Questa volta ha colto tutti di sorpresa. E i richiami a Celestino V non servono a nulla, visto che il gran rifiuto a tutti noto grazie a Dante fu in realtà estorto dal successore. Così Ratzinger, il papa conservatore, ha rotto una tradizione bimillenaria, lasciando la curia con gli occhi di fuori. Non v’è ombra di dubbio infatti che Joseph Ratzinger abbia posto un problema strutturale dicendo testualmente: ” Nel mondo di oggi, soggetto a rapidi mutamenti e agitato da questioni di grande rilevanza per la vita della fede,per governare la barca di Pietro è necessario il vigore sia del corpo sia dell’animo.” Dunque occorre essere figli di questi tempi così rapidamente mutanti, cosa che un novantenne o giù di lì non può essere.
Questa rivoluzione culturale fa passare in secondo piano le altre discussioni: quali i veri motivi? sarà lui a decidere il suo successore? quanto ha pesato sulla scelta lo scandalo di Vatileaks?
Tutto questo c’è, non può non esserci, pesa, non può non pesare. Ma la verità è che Ratzinger rompendo una tradizione ha imposto la necessità di riflettere sulle altre riforme attese da tempo, e che dividono nella loro rivoluzionarietà quanto quella sulle dimissioni del papa. E cioè: sacerdozio femminile, collegialità nella chiesa, celibato dei preti, comunione per i risposati. Sono questi i convitati di pietra al prossimo conclave. E forse il sempre più necessario Concilio Vaticano III.

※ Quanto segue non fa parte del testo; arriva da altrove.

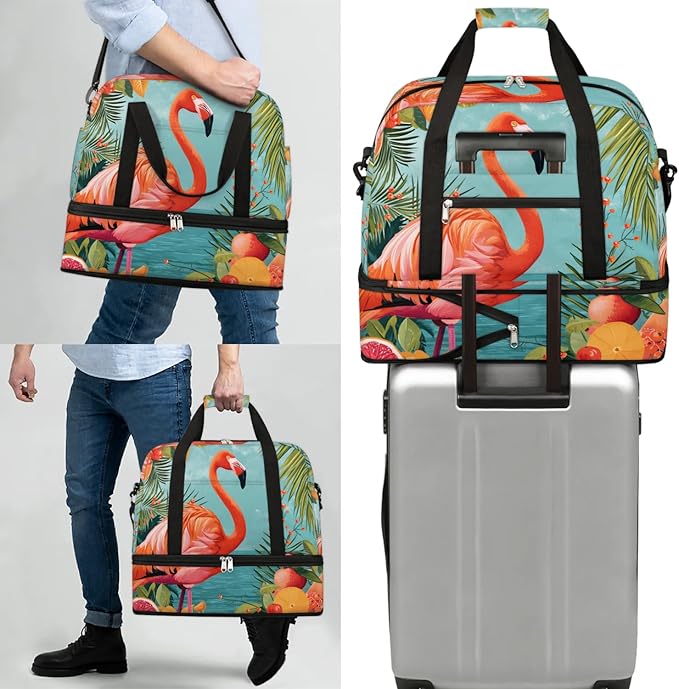 cfpolar Woman Travel Duffel Bag Tropical Flamingo Foldable Tote Carry On Luggage Sports Gym Bag With Shoe Compartment Overnight Weekend Yoga Workout Bag Training Handbag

Poi, ma molto poi, si può parlare di fatti contingenti, come la nascita di un nuovo fattore: ci sarà il partito della pressione? Cioè, quando un papa avrà una certa età si comincerà a chiedergli di fare come fece Ratzinger? Ma questo evidenzia la portata radicale della novità: il discorso dovrà essere affrontato, e non potrà essere lasciato “al caso”.